ANACORTES, Wash. - Dyna Fry heard the explosion as she prepared for her family’s Easter dinner last night. It didn’t take long for her to realize what had happened.
"I thought, 'oh, those poor people waiting to see who survived and who died.' It’s just an awful thing," she said.
Dyna’s husband of 24 years was one of six men who died in the Thanksgiving Equilon Refinery explosion 11-1/2 years ago. Woody Fry left behind his wife and seven children.
Woody's son Dan remembers the saying the guys at the refinery had about its inherent dangers.
"It ain’t if, it’s when" said the youngest of the Fry children. "Dad would say that something will happen whether it’s him or somebody else."
Just over the hill from the family home is the cemetery where Woody Fry rests – in the shadow of the refinery where he died.

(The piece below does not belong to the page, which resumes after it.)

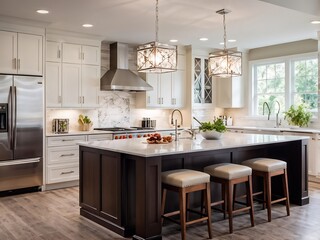 Modern Kitchen with White Cabinets and a Large Island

"There’s not one day, or even 12 hours that go by that I don’t think about him," said Dan Fry as he polishes his father's tombstone.
Fry says his hometown has a love-hate relationship with the refineries. They put food on family tables, but it can come at a terrible cost.
"My father took care of us through that refinery but at the same time the consequences can be massive," he said.
It’s all part of life as an Anacortes refinery family – bonds forged in oil and blood.
"God bless those families tonight," said Dyna, hugging her son. "It’s gonna be a long haul for them, and it's terrible."